PARIS (AFP) ― Stricken French auto giant Peugeot Citroen handed part control to Chinese company Dongfeng and the French state on Wednesday, winning the cash-starved company a new lease of life.
The shareholder revamp ends the 200-year-old grip of the Peugeot family dynasty and raises at least 3 billion euros just as the company posted a colossal loss for last year.
The company, the biggest auto group in France with about 90,000 employees, desperately needs new capital to climb away from near disaster and develop new technology.
It has already been effectively rescued by the French state with guarantees of 7 billion euros ($9.6 billion) for its credit arm. New financing arrangements revealed on Wednesday are intended to enable it to break free of this state support.
In the new arrangement, state-owned Dongfeng, the number two automaker in China, the French taxpayer, and the Peugeot family will now each own 14 percent of Peugeot Citroen.
But Peugeot, now counting on the Chinese market to propel it to a leading position in Asia, also reported a net loss of 2.3 billion euros, although that was less than half the figure of 5 billion euros in 2012.
The deals amount to a “major” strategic operation with the French state as a long-term partner, French Prime Minister Jean-Marc Ayrault said.
Finance Minister Pierre Moscovici said the restructuring was intended to ensure that the group survived and to open access to new markets “notably the Chinese market.”
Peugeot had undertaken not to close any more factories in France where it would produce a million vehicles per year by 2016, would invest 1.5 billion euros and retain 75 percent of research in the country, he said.
Thierry Peugeot, the outgoing chairman of the supervisory board who had fought the entry of Dongfeng, said the deals opened “a new page in the history of PSA Peugeot Citroen.”
The new-look group, will in late March be headed by new chief executive Carlos Tavares, formerly number two at the second French automaker Renault.
The company will invest in developing its unique hybrid compressed-air technology and in strengthening is position in emerging markets as well as in Europe.
Annual results on Wednesday showed that Peugeot, the second-biggest European automaker after Volkswagen of Germany, staunched the outflow of cash which was bleeding it towards a slow death.

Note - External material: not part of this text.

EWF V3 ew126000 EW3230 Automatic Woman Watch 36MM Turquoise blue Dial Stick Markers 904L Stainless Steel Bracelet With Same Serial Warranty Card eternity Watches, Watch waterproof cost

In 2012 it had consumed 3.0 billion euros of cash, but reduced this last year to a still huge 426 million euros and hoped to show net cash generation by
2016 at the latest, it said.
The deals offer the group a chance to break out of excessive dependence on the European market which nearly strangled it during the recent downturn.
Shares in the group jumped by 7.88 percent initially, but then turned into negative territory falling 1.56 percent to 12.31 euros in late trading.
The group, criticized by a government enquiry for missing opportunities of globalization, declared that this new chapter would accelerate “its globalization and emerging markets expansion strategy, while reinforcing its financial strength.”
In the deal, the Peugeot family ― which has controlled the firm since its founding in 1810 as a maker of coffee mills and bicycles ― loses a 25-percent stake and 38-percent voting rights.
Current chief executive Philippe Varin said the group would retain its 51.70-percent control of French car-parts maker Faurecia.
The final deal is expected to be signed at the end of next month during a visit by Chinese President Xi Jinping to Paris.
Dongfeng Motor Corp., founded in 1969 and whose name means “East Wind”, sold 3.53 million vehicles in China in 2013, giving it a 16-percent market share. It also has links to Renault.
At Peugeot’s historic Sochaux plant in the eastern Franche-Comte region, workers welcomed the reorganization but expressed fears the deal would eventually see their jobs relocated to China.
But “if it saves our bacon, that’s a good thing,” said Christian, 57, one of the factory’s 11,500 workers.